Excellent, plain-language explainer on corporate and 1 percenter tax evasion, with a simple solution

The New York Times has collaborated with Berkeley economics prof Gabriel Zucman to produce an interactive explainer that walks through the baroque tax-evasion strategies deployed by multinationals like Google and Apple, as well as the super-rich, using plain language and explanatory graphics to get past the deliberately eye-glazing tedium of these arrangements, a shield of boringness that has allowed the super-rich to hide $8.7 trillion from tax authorities while taking advantage of national courts, education, roads, police, and health care.

This system of representation without taxation gives the wealthy the best of all worlds: tiny and giant countries alike scramble for crumbs from the ever-more-rich 1 percent, tilting policies in their favor.

Zucman is the author of a 2016 book called The Hidden Wealth of Nations: The Scourge of Tax Havens, which gets top reviews.

According to the latest available figures, 63 percent of all the profits made outside of the United States by American multinationals are now reported in six low- or zero-tax countries: the Netherlands, Bermuda, Luxembourg, Ireland, Singapore and Switzerland. These countries, but above all the shareholders of these corporations, benefit while others lose.

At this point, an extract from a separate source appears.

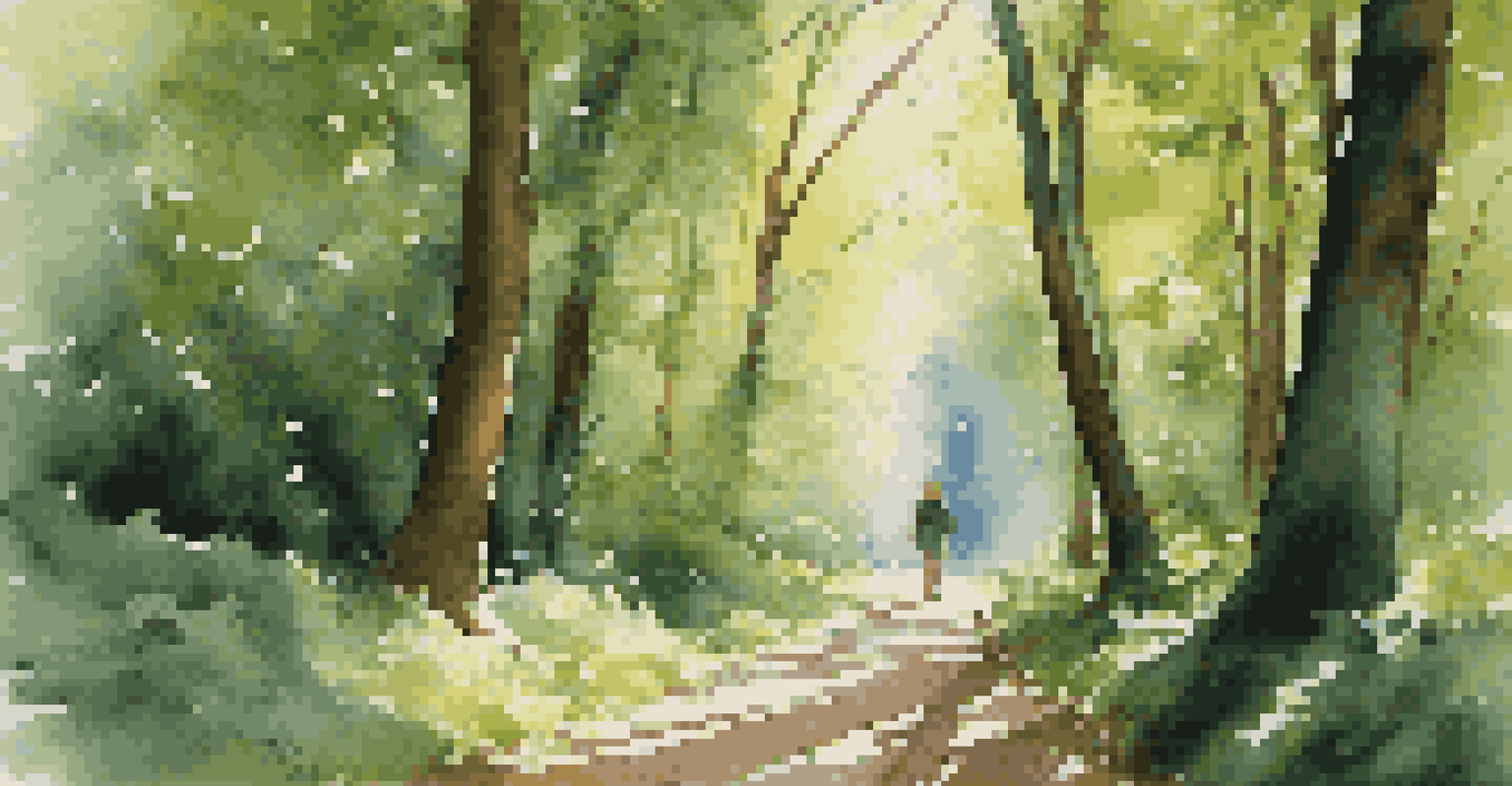 A quiet forest path with tall trees and sunlight filtering through the leaves, featuring a lone figure walking peacefully.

My colleagues Thomas Torslov and Ludvig Wier and I combined the data published by tax havens all over the world to estimate the scale of these losses. The $70 billion a year in revenue that the United States is deprived of is nearly equal to all of America's spending on food stamps. The European Union suffers similar losses.

How Corporations and the Wealthy Avoid Taxes
(and How to Stop Them)
[Gabriel Zucman/New York Times]

(Thanks, Fipi Lele!)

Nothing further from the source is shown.